Par un jugement n° 2408547 du 19 décembre 2024, le tribunal a rejeté sa demande.
Procédure devant la cour
Par une requête enregistrée le 16 janvier 2025, M. A…, représenté par Me Bescou, demande à la cour :
1°) d’annuler ce jugement ;
2°) d’annuler l’arrêté du 4 septembre 2024 par lequel la préfète de l’Ain lui a fait obligation de quitter le territoire français, a refusé de lui accorder un délai de départ volontaire, a fixé le pays de destination de la mesure d’éloignement et lui a fait interdiction de retour sur le territoire français pour une durée de trois ans ;
3°) d’enjoindre à la préfète de l’Ain de réexaminer sa situation administrative et de procéder à l’effacement de son signalement dans le système d’information Schengen, après remise d’une autorisation provisoire de séjour, dans un délai d’un mois à compter de la notification de l’arrêt, sous astreinte de 100 euros par jour de retard ;
4°) de mettre à la charge de l’Etat une somme de 1 200 euros à verser à son conseil au titre de l’article L. 761-1 du code de justice administrative et de l’article 37 de la loi du 10 juillet 1991.
Il soutient que :
- l’obligation de quitter le territoire français est insuffisamment motivée ;
- elle a été prise à l’issue d’une procédure irrégulière dès lors que n’a pas mise en œuvre la procédure de complément d’information prévue par les dispositions de l’article R. 40-29 du code de procédure pénale ;
- la préfète n’a pas saisi le collège de médecins de l’office français de l’immigration et de l’intégration (OFII) pour avis ;
- elle est illégale dès lors qu’il pouvait être admis au séjour au regard de son état de santé ;
- la préfète ne pouvait se fonder sur la menace qu’il constitue pour l’ordre public ;
- l’obligation de quitter le territoire français méconnaît l’article 8 de la convention européenne de sauvegarde des droits de l’homme et des libertés fondamentales ;
- elle est entachée d’erreur manifeste d’appréciation ;
- le refus de délai de départ volontaire est illégal par voie de conséquence de l’illégalité de l’obligation de quitter le territoire français ;
- il méconnaît les articles L. 612-1 à L. 612-3 du code de l’entrée et du séjour des étrangers et du droit d’asile ;
- il est entaché d’erreur manifeste d’appréciation et d’erreur de fait sur l’existence d’une circonstance particulière ;
- l’interdiction de retour sur le territoire français est illégale par voie de conséquence de l’illégalité de l’obligation de quitter le territoire français et de la fixation du délai de départ volontaire ;
- elle méconnaît l’article 8 de la convention européenne de sauvegarde des droits de l’homme et des libertés fondamentales ;
- elle méconnaît les articles L. 612-6 et L. 612-10 du code de l’entrée et du séjour des étrangers et du droit d’asile ;
- elle n’a pas été prise à la suite d’un examen particulier ;
- elle est entachée d’erreur manifeste d’appréciation et d’erreur de fait sur l’existence d’une circonstance particulière ;
- elle est disproportionnée ;
- la décision fixant le pays de destination est illégale par voie de conséquence de l’illégalité de l’obligation de quitter le territoire français et de la fixation du délai de départ volontaire ;
- elle méconnaît l’article 3 de la convention européenne de sauvegarde des droits de l’homme et des libertés fondamentales.

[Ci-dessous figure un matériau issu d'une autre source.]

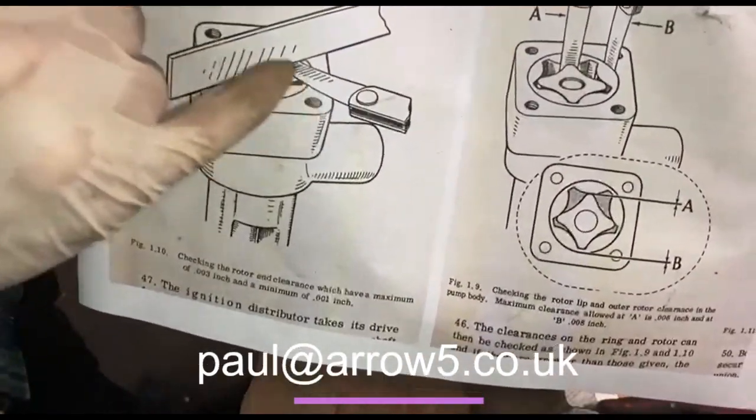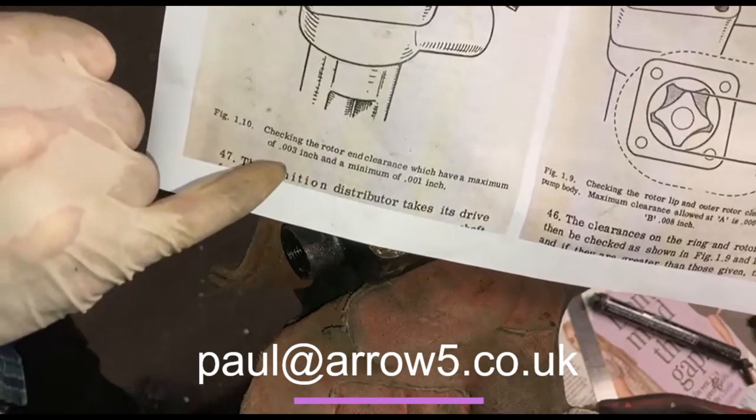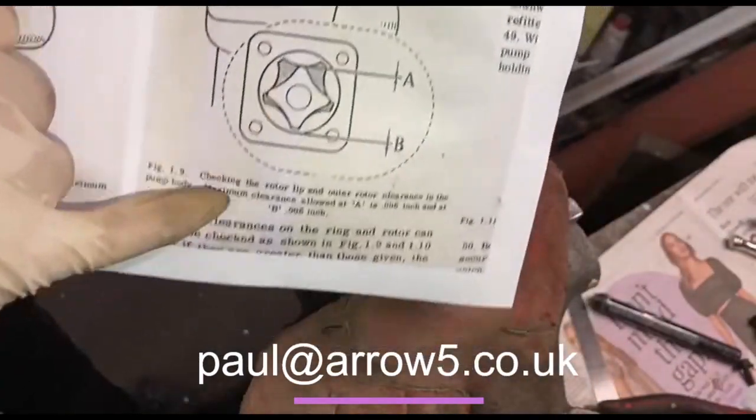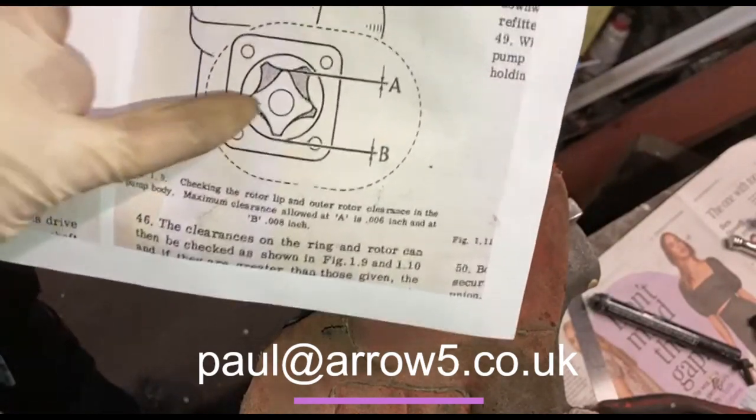Your top clearance with the feeler gauge underneath — it's between 0.01 and 0.03. The A and B clearance between the lobes: A maximum of 0.06, and B there is a maximum of 0.08.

Par un mémoire en défense, enregistré le 25 avril 2025, la préfète de l’Ain conclut au rejet de la requête.
Elle soutient que les moyens invoqués ne sont pas fondés.
M. A… a obtenu l’aide juridictionnelle totale par une décision du bureau d’aide juridictionnelle du 12 février 2025.

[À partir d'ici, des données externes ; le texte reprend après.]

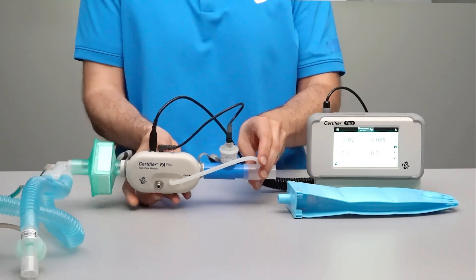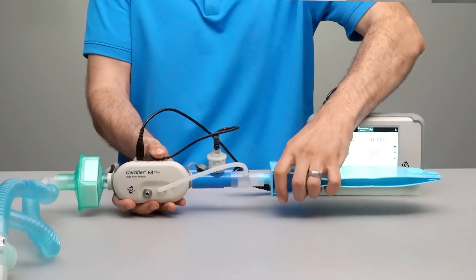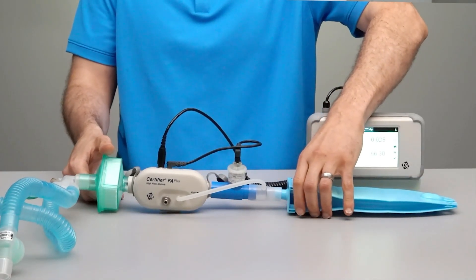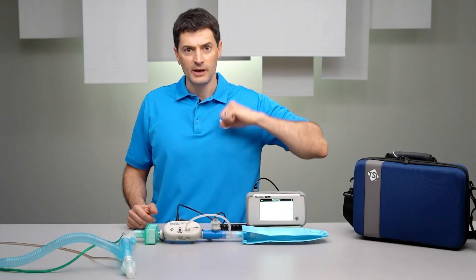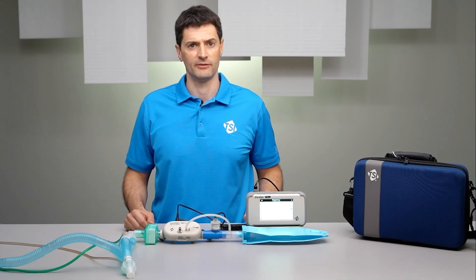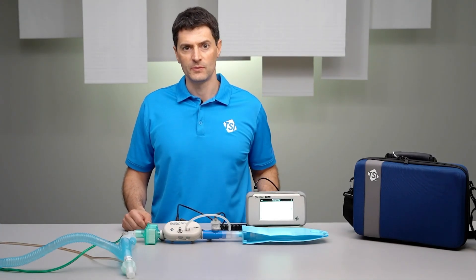To complete the test circuit, we will connect the test lung downstream of the flow module. The test lung simulates a patient's breathing and there are a variety of different types and sizes of test lungs that are used when testing ventilators. For our demonstration, we're using a one-liter test lung.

Vu les autres pièces du dossier.
Vu :
- la convention européenne de sauvegarde des droits de l’homme et des libertés fondamentales ;
- le code de l’entrée et du séjour des étrangers et du droit d’asile ;
- le code de procédure pénale ;
- la loi n° 91-647 du 10 juillet 1991 ;
- la loi n° 95-73 du 21 janvier 1995 ;
- la loi n° 2024-42 du 26 janvier 2024 ;
- le code de justice administrative.
Le président de la formation de jugement a dispensé la rapporteure publique, sur sa proposition, de prononcer des conclusions à l’audience.
Les parties ayant été régulièrement averties du jour de l’audience.
Le rapport de Mme Evrard, présidente-assesseure, a été entendu au cours de l’audience publique.
Considérant ce qui suit :
M. A…, ressortissant marocain né le 1er janvier 1964, est entré en France le 14 mai 2016, sous couvert d’un visa de long séjour valable du 15 avril 2016 au 17 juillet 2016, et a bénéficié d’un titre de séjour, délivré au titre de sa vie privée et familiale, valable du 18 août 2016 au 17 août 2017 et renouvelé jusqu’au 17 août 2018. Le préfet de l’Ain a refusé de renouveler son titre de séjour et l’a obligé à quitter le territoire français par un arrêté du 15 mars 2019. Le 18 mars 2020, il a été assigné à résidence pour une durée de 45 jours renouvelable. Le préfet de l’Ain a prolongé l’interdiction de retour sur le territoire français pour une durée de six mois et l’a assigné à résidence par un arrêté du 22 mai 2021. A la suite d’un contrôle d’identité, M. A… a fait l’objet, par arrêté du 20 août 2024, d’une obligation de quitter le territoire français, d’une interdiction de retour sur le territoire français de trois ans et d’une assignation à résidence. La préfète de l’Ain ayant retiré cet arrêté au motif qu’il était entaché d’erreurs matérielles, elle lui a de nouveau fait obligation de quitter le territoire français par un nouvel arrêté du 4 septembre 2024, et a refusé de lui accorder un délai de départ volontaire, a fixé le pays de destination de la mesure d’éloignement et lui a fait interdiction de retour sur le territoire français pour une durée de trois ans. M. A… relève appel du jugement du 19 décembre 2024 par lequel le tribunal administratif de Lyon a rejeté sa demande tendant à l’annulation de cet arrêté.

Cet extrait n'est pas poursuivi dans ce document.